El 17 de julio se celebró la Reunión Ministerial de Asuntos Exteriores de la Alianza para la Prosperidad Económica en las Américas (APEP), donde Chile se unió a diez naciones más bajo la dirección del secretario de Estado estadounidense, Antony Blinken.
Esta iniciativa, promovida por la administración Biden en el contexto de la Cumbre de las Américas de junio de 2022, busca fortalecer la influencia económica y comercial de Estados Unidos en la región, al tiempo que intenta socavar la creciente influencia de China, especialmente en sectores críticos como las industrias de semiconductores y litio, donde el país asiático ha consolidado su dominio.
En esta contienda por el control de las cadenas de suministro globales, Chile, con sus recursos minerales estratégicos, muestra interés en potenciar su lugar como socio clave para Estados Unidos.
¿Repetirá Chile los errores del pasado?
Las declaraciones beligerantes de Gabriel Boric reflejan una intrincada danza entre factores internos y externos que moldean su enfoque hacia la situación en Venezuela.
Por un lado, la fragmentación política en Chile, caracterizada por una derecha que intenta deslegitimar al gobierno acusándolo de “indulgente” frente al régimen venezolano, empuja a Boric a buscar apoyo interno y reconstiuir consensos y pactos fracturados. En este clima polarizado, el presidente se alinea con las corrientes adversas a Venezuela para recuperar simpatías en la antesala de las elecciones presidenciales de 2025.

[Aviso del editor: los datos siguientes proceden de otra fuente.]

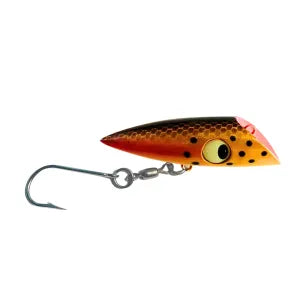 Load image into Gallery viewer, Lyman Lures 3&quot;
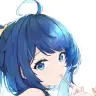参演
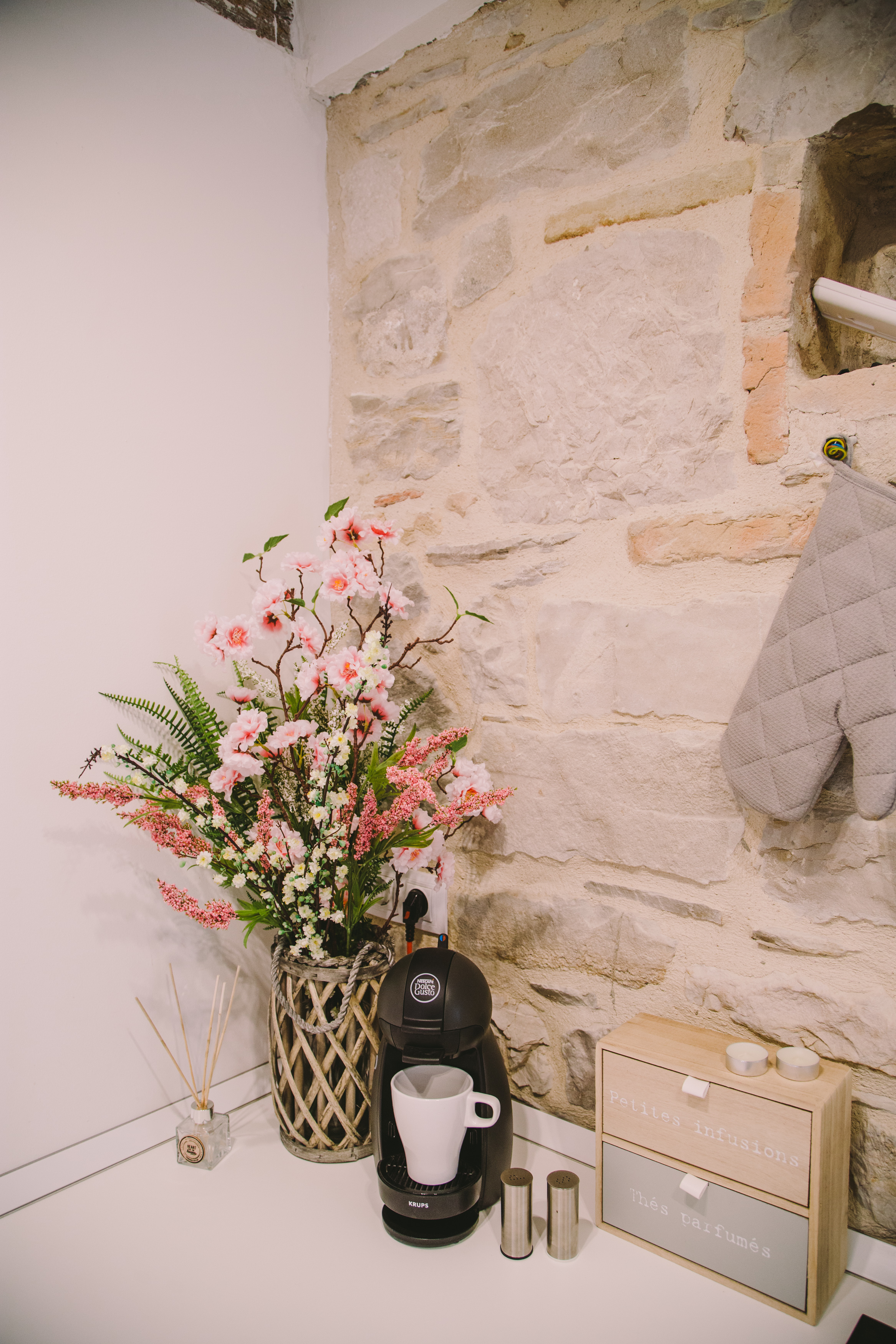 Vida Boutique Hotel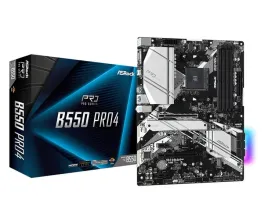 asrock-b550-pro4-amd-b550-socket-am4-atx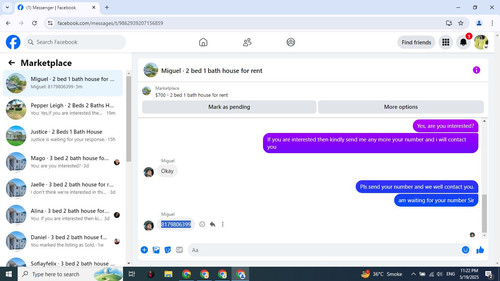 Screenshot 37.1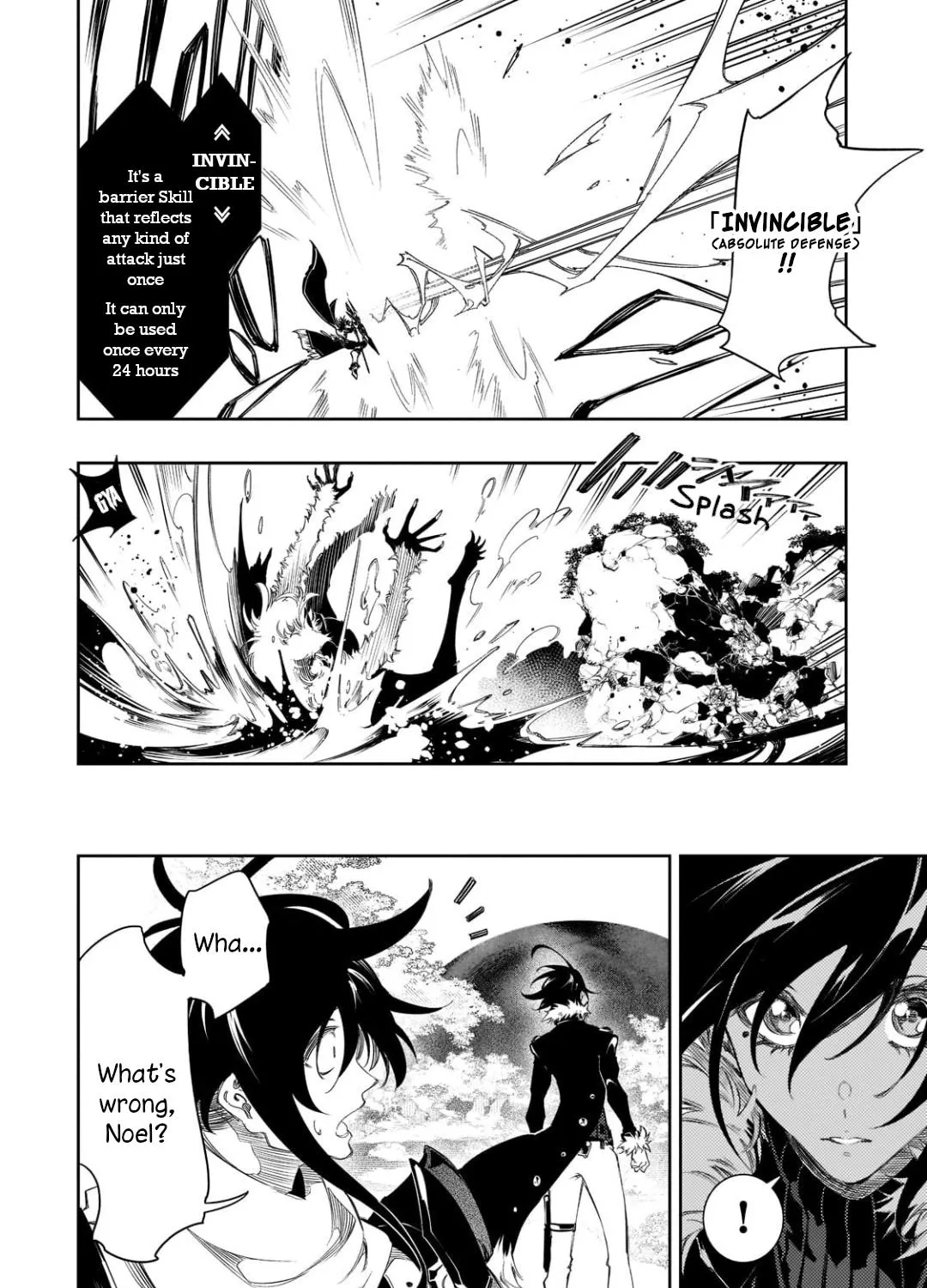Chapter 42 — page 47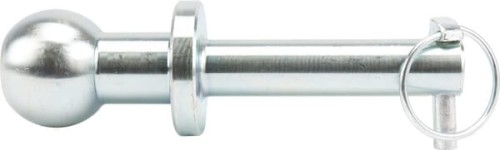 Sworzeń kulowy 24 mm Z991956KR - Intertraktor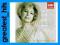 ANNELIES ROTHENBERGER: CHAMPAGNER-OPERETTE (2CD)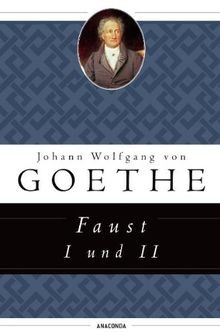 Faust und von - und, goethe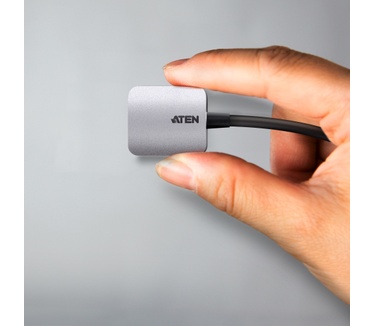 Aten UC3002A
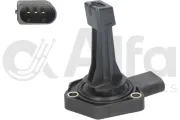 Sensor, Motorölstand Alfa e-Parts AF02374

Por otro lado, la estrecha relación comercial con Estados Unidos y el deseo de Chile de posicionarse como un actor clave en la región en sectores estratégicos como los semiconductores y el litio, lo llevan a subordinar su política internacional a las prioridades e intereses de Washington.
Esta combinación de elementos influyen en la decisión de Boric de desempeñar una postura confictiva frente a Venezuela, que le otorgue relevancia en la región.
No obstante, las experiencias de gobiernos anteriores en la región que se alinearon con iniciativas irracionales como el “proyecto Guaidó” indican que no es un recurso efectivo para resolver problemas políticos de orden interno.